Are your exceptions silent?

This Slate article highlights an interesting statistic:

A few years ago, Microsoft set up the Windows Error Reporting Service to help find out where crashes come from. After a Windows application -- or your whole PC -- shuts down, a box pops up asking you to send a confidential error report. Using pattern-matching software to sift through the data from millions of these reports, Microsoft discovered a surprising statistic. Seventy percent of Windows crashes involve one particular kind of software: device drivers. (I couldn't get stats for the Mac, but, at least anecdotally, device drivers are a major cause of drop-dead crashes.)
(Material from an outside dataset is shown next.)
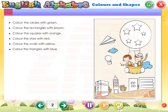Color the circles with green. Color the rectangles with brown. Color the squares with orange. Color the stars with red. Color the ovals with yellow. Color the triangles with blue.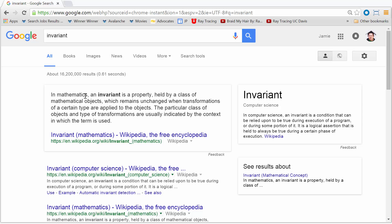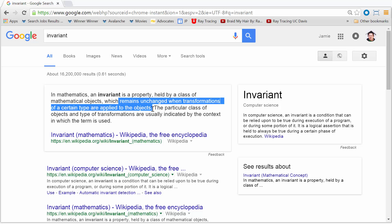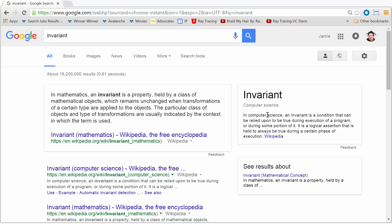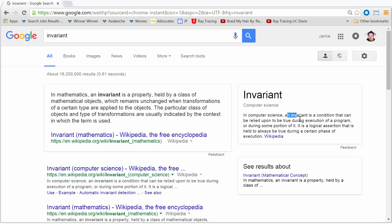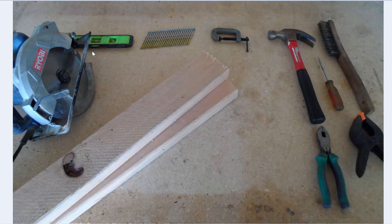Anyway, we're discussing invariant. I Googled invariant and it says: in mathematics, an invariant is a property held by a class of mathematical objects which remains unchanged when transformations of a certain type are applied to the objects. Programming is slightly mathematical, so I like this definition. Here's another one: in computer science, an invariant is a condition that can be relied upon to be true during execution of a program, or during some portion of it. Let's go back to the tool example.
Device driver code is privileged and talks directly to the kernel of the OS. Isolating it, as you would with a standard user-mode executable, cripples hardware performance to an absurd degree: imagine hard drive access times an order of magnitude slower than they are now. Historically, more and more functions are moving into the NT kernel. For a recent example, one of the big performance wins in IIS6 (over IIS5) is that the HTTP stack does business mostly in the kernel and avoids a lot of expensive ring transitions. This was driven by a similar change in Linux/Apache about a year earlier, which cost Microsoft a bunch of benchmark performance wins and probably forced their hand.

Although the performance gain can be substantial, the potential costs are high: kernel mode crashes are irrecoverable. That means an exception crashes the entire OS, not just the single application that cause the problem. Hello BSOD. Anyway, just because I trust Microsoft to write stable kernel-mode code, that doesn't mean I trust J. Random Taiwanese Device Driver Coder-- or myself-- to. That's why Microsoft has their fancy hardware certifications and WHQL assurance labs.
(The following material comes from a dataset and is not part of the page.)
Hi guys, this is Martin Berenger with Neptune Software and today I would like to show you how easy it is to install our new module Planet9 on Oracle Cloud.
Anyway, the important thing here is not the device drivers, but the way Microsoft is getting automatic feedback when users encounter an error. This weakness is nothing new; it has existed in every Microsoft OS since Windows 95. The only difference is that there is now irrefutable data guiding Microsoft to the source of the problem, and thus the solution. So here's my question to you: do your applications tell you when users encounter an error? Witness this compelling statistical data gathered from Microsoft's Windows Error Reporting:

Broad-based trend analysis of error reporting data shows that across all the issues that exist on the affected Windows platforms and the number of incidents received:
  • Fixing 20 percent of the top-reported bugs can solve 80 percent of customer issues.
  • Addressing 1 percent of the bugs would address 50 percent of the customer issues.
The same analysis results are generally true on a company-by-company basis. The data that WER provides can show you the product problems that are causing your customers the most serious problems.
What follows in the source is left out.